→ Work item:
Somewhere below are a line with "Seamless pattern with" and a later line with "Fototapeta na wymiar". Output exactly those lines and all lines between them.

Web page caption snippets
******

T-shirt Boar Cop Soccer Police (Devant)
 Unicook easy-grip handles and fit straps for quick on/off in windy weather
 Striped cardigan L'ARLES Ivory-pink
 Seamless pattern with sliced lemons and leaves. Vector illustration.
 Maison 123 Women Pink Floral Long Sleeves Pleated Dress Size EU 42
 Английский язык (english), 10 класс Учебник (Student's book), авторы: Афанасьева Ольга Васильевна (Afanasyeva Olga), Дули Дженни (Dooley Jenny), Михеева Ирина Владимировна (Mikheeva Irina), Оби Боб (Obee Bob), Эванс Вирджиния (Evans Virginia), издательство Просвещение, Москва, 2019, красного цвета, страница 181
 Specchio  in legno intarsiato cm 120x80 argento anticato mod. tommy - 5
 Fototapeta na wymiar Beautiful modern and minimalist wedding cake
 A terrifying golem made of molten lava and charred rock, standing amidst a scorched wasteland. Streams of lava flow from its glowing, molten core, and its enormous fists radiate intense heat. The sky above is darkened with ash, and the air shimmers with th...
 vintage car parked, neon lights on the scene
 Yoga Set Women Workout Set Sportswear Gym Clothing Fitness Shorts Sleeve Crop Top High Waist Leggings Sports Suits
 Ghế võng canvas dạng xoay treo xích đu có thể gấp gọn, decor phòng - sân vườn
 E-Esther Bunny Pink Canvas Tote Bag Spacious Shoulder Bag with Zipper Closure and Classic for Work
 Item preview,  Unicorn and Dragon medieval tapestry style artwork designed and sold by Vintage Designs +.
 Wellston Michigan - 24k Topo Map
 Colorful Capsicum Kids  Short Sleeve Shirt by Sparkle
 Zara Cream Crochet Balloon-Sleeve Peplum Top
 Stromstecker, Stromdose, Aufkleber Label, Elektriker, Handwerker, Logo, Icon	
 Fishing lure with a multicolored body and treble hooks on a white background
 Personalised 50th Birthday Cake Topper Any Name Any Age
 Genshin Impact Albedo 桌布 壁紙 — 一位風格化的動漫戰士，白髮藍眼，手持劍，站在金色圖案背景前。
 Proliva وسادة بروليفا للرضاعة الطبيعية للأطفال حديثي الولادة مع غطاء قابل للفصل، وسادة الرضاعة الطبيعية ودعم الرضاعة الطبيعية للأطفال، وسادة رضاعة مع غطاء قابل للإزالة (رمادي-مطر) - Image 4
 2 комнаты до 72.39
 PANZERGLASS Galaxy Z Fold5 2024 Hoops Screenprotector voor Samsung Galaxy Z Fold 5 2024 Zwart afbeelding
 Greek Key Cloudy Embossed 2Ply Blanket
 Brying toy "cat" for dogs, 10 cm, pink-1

******

→ Output of the task:
 Seamless pattern with sliced lemons and leaves. Vector illustration.
 Maison 123 Women Pink Floral Long Sleeves Pleated Dress Size EU 42
 Английский язык (english), 10 класс Учебник (Student's book), авторы: Афанасьева Ольга Васильевна (Afanasyeva Olga), Дули Дженни (Dooley Jenny), Михеева Ирина Владимировна (Mikheeva Irina), Оби Боб (Obee Bob), Эванс Вирджиния (Evans Virginia), издательство Просвещение, Москва, 2019, красного цвета, страница 181
 Specchio  in legno intarsiato cm 120x80 argento anticato mod. tommy - 5
 Fototapeta na wymiar Beautiful modern and minimalist wedding cake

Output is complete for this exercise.